S.No. TYPE Value_column ON
1. COUNT _ RESORT_ID
2 COUNT _ RESORT_ID,MemberID
3. COUNT _ [‘resort_id’,‘checkout_dateyear’,‘checkout_datemonth’]
4. COUNT _ [‘memberid’,‘checkout_dateyear’]
5 VAR roomnights RESORT_ID
6 Median roomnights RESORT_ID,MemberID
7. MAX roomnights [resort_id,checkout_dateyear,checkout_datemonth]
8. MIN roomnights [memberid’,‘checkout_dateyear’]
9 VAR in_out RESORT_ID
10 Median in_out RESORT_ID,MemberID
11. MAX in_out [‘resort_id’,‘checkout_dateyear’,‘checkout_datemonth’]
12. MIN in_out [‘memberid’,‘checkout_dateyear’]
13 VAR total_pax RESORT_ID
14 Median total_pax RESORT_ID,MemberID
15 MAX total_pax [‘resort_id’,‘checkout_dateyear’,‘checkout_datemonth’]
16 MIN total_pax [‘memberid’,‘checkout_dateyear’]

…… in Similar fashion approx ~ 72 combinations were tried which gave a boost of rmse from 96 to 95.3 on LB and nearly same change in Local CV.

Modeling:

My final model consist of ensemble of

[ lightGBM , Catboost , 5_fold_Light GBM , 5_fold_Catboost and stacking of [xgb,catboost,lightGBM]

  1. Params tuned using Bayesian Optimization :

“objective” : “regression”, “metric” : “rmse”, ‘n_estimators’:3000, ‘early_stopping_rounds’:200,

“num_leaves” : 31, “learning_rate” : 0.05, “bagging_fraction” : 0.9,

“bagging_seed” : 0, “num_threads” : 4,“colsample_bytree” : 0.8,“lambda_l1”: 25,“min_child_weight” : 44.9, “min_child_samples”: 5 }

16 Likes
#2

Thanks Kanav

#3

What have you done with the features in step4. Can you please explain the basic approach?

#4

Hi
I have made groupby / aggregate features.
Example S.no 1 means ->
merge = merge.merge(pd.DataFrame(merge.groupby(by=[‘resort_id’,‘memberid’]).roomnights.count()).reset_index(),suffixes=(’’,‘res_mem’),on=[‘resort_id’,‘memberid’],how=‘left’)

This will give me a new column which have resort_id count and in similar way you can get other features as well.
refer groupby:
https://pandas.pydata.org/pandas-docs/stable/reference/api/pandas.DataFrame.groupby.html

1 Like
#5

Hi Kanav,

Great Work!!

can u please explain the final step?
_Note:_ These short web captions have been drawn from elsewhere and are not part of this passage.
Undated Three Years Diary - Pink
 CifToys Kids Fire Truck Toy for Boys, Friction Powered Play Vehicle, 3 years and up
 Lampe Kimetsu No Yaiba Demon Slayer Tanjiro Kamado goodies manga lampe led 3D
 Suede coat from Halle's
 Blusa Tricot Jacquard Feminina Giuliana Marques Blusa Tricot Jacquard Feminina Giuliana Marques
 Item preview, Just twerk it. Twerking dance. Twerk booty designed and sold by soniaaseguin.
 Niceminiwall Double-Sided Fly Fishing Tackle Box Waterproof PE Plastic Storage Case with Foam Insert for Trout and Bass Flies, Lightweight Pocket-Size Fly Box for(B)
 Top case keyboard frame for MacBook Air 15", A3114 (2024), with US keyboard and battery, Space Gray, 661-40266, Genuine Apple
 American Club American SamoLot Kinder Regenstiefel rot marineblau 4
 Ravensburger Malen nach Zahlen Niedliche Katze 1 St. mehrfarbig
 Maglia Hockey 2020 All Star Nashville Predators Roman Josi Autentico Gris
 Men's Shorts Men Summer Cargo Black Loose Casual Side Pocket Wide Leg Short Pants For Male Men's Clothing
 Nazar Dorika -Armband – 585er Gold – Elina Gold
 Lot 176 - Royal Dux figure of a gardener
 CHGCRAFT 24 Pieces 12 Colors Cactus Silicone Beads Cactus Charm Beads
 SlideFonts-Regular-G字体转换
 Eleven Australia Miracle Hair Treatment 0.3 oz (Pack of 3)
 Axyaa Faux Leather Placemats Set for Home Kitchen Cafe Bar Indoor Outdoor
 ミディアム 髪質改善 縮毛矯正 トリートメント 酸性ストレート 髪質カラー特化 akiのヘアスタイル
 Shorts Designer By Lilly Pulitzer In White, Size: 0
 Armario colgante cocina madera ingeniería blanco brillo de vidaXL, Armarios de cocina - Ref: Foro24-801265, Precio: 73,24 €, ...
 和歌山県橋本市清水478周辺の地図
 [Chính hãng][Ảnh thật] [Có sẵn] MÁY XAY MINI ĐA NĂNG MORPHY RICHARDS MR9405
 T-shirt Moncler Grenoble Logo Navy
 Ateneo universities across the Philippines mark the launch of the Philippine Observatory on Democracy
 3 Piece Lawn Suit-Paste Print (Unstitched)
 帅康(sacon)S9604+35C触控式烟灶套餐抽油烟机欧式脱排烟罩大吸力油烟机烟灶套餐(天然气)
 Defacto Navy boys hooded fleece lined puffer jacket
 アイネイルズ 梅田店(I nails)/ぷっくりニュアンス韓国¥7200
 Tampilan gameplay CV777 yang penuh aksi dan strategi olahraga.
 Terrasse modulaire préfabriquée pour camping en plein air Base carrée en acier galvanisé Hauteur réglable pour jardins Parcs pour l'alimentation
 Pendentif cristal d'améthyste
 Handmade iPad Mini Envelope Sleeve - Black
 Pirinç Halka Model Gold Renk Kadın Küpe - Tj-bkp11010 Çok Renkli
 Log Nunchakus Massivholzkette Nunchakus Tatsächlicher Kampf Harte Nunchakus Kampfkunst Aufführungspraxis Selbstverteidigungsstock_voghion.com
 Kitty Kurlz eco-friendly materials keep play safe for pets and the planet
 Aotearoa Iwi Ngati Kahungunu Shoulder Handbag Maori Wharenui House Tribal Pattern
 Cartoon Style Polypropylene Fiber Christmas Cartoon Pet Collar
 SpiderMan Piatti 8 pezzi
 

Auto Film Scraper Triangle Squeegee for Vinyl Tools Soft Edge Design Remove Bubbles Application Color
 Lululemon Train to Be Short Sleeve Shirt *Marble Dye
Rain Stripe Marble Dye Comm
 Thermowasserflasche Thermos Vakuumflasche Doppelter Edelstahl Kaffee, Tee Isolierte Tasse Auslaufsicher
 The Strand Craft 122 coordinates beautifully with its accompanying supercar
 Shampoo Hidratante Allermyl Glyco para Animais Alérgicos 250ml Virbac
How did u ensemble the various models?

#6

Good that you are sharing this information. Can you please explain how Groupby helpful here? I also calculated date difference between checkout and booking. But couldn’t realize information gain from several groupby. Can you please explain why Groupby important here?

#7

Hi Bipin,
I chose weighted averaging for ensembling and logic behind chosing weights was that they minimzed the local CV.

(model_1 X *0.3+model_2 X *0.2+model_3 X *0.3 +model_4 X *0.2)*0.8 + model_5 X *0.2

2 Likes
#8

Hi Kanav,

Thanks for sharing your approach! It’s quite helpful to me. A quick question, which algorithm did you use for Bayesian optimization,spearmint, hyperopt or anything else? Could you elaborate your approach?

Once again, thanks!

#9

thanks Kanav,
for sharing your approach, really appreciate

#10

How do I get to know about groupby method? I can’t be able to decide step 4. Please share your intuition behind this. Thanks

#11

Hey would you please share your code?